▶ _Data supplied_:

****************

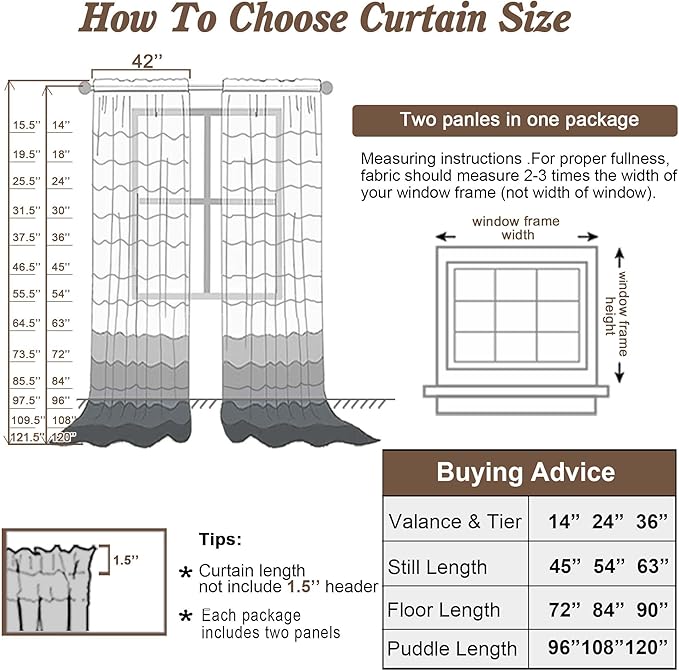 Chyhomenyc Burgundy Sheer Curtains 78 Inches Long 2 Panels Set for Living Room, Light Filtering Voile Lightweight Bedroom Curtains, Rod Pocket Solid Window Treatment Drapes, Each 42W x 78L
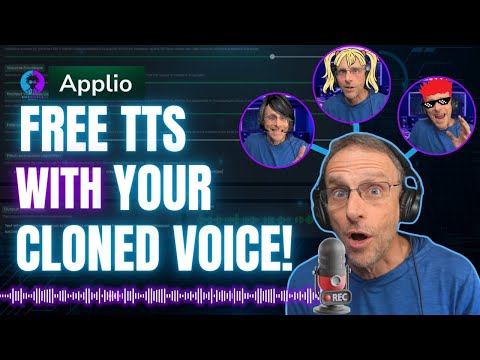 FREE Text to Speech with YOUR Voice with Applio!
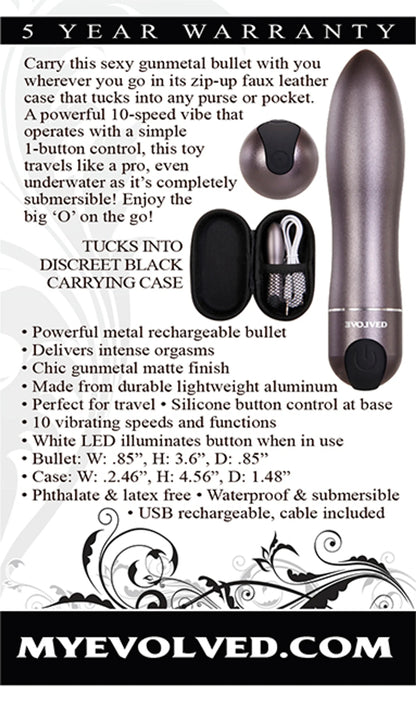 EVOLVED TRAVEL-GASM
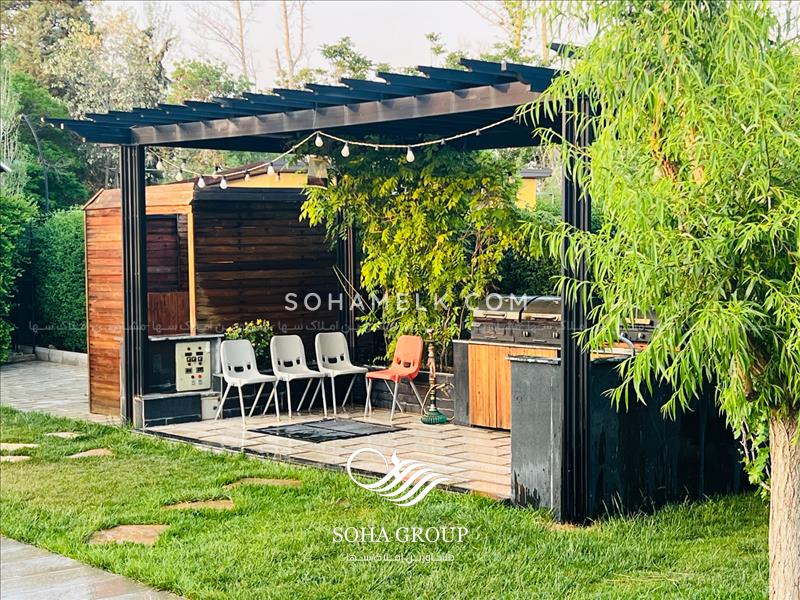 فروش ویلا در دهکده ویلایی با اصالت باران 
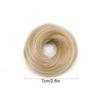 1PC Natural Durable Wig Soft Hair Realistic Straight Lazy-Friendly Hair Seamless Tie Voluminous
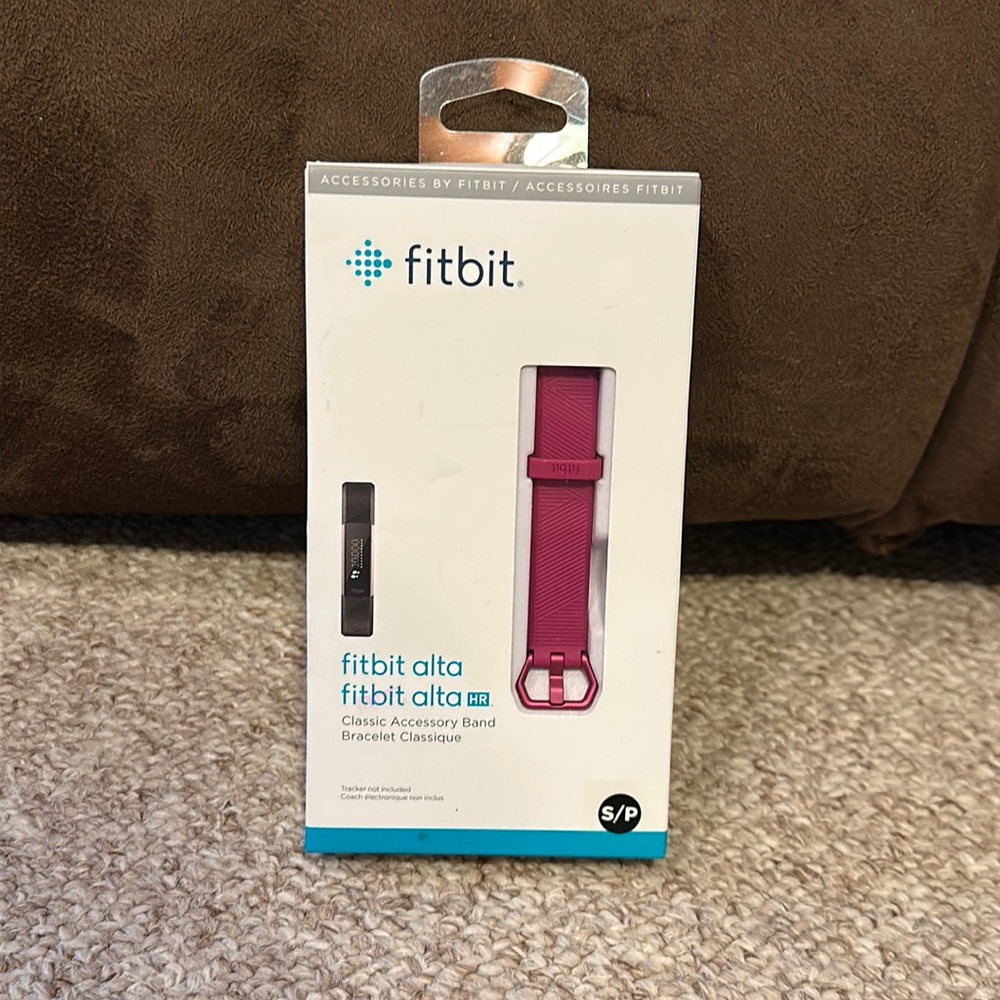 Fitbit Alta HR Classic Accessory Band - NEW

****************

▶ _The problem_: Give again, word for word, only the lines from the line containing "فروش ویلا در دهکده ویلایی با اصالت باران" through the last line above, both included; leave the pictures out.

▶ _Answer to this exercise_:
 فروش ویلا در دهکده ویلایی با اصالت باران 
 1PC Natural Durable Wig Soft Hair Realistic Straight Lazy-Friendly Hair Seamless Tie Voluminous
 Fitbit Alta HR Classic Accessory Band - NEW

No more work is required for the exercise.